→ **DATA SHOWN**

====

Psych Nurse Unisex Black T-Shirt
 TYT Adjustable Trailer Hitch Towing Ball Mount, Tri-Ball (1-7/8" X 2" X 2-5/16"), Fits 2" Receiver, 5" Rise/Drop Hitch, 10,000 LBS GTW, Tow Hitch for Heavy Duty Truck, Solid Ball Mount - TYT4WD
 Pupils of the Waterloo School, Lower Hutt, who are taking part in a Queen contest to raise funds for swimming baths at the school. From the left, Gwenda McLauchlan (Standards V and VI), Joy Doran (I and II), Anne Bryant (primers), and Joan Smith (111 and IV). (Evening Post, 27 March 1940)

====

Write down the full listing again, exactly.

→ **REPLY**
Psych Nurse Unisex Black T-Shirt
 TYT Adjustable Trailer Hitch Towing Ball Mount, Tri-Ball (1-7/8" X 2" X 2-5/16"), Fits 2" Receiver, 5" Rise/Drop Hitch, 10,000 LBS GTW, Tow Hitch for Heavy Duty Truck, Solid Ball Mount - TYT4WD
 Pupils of the Waterloo School, Lower Hutt, who are taking part in a Queen contest to raise funds for swimming baths at the school. From the left, Gwenda McLauchlan (Standards V and VI), Joy Doran (I and II), Anne Bryant (primers), and Joan Smith (111 and IV). (Evening Post, 27 March 1940)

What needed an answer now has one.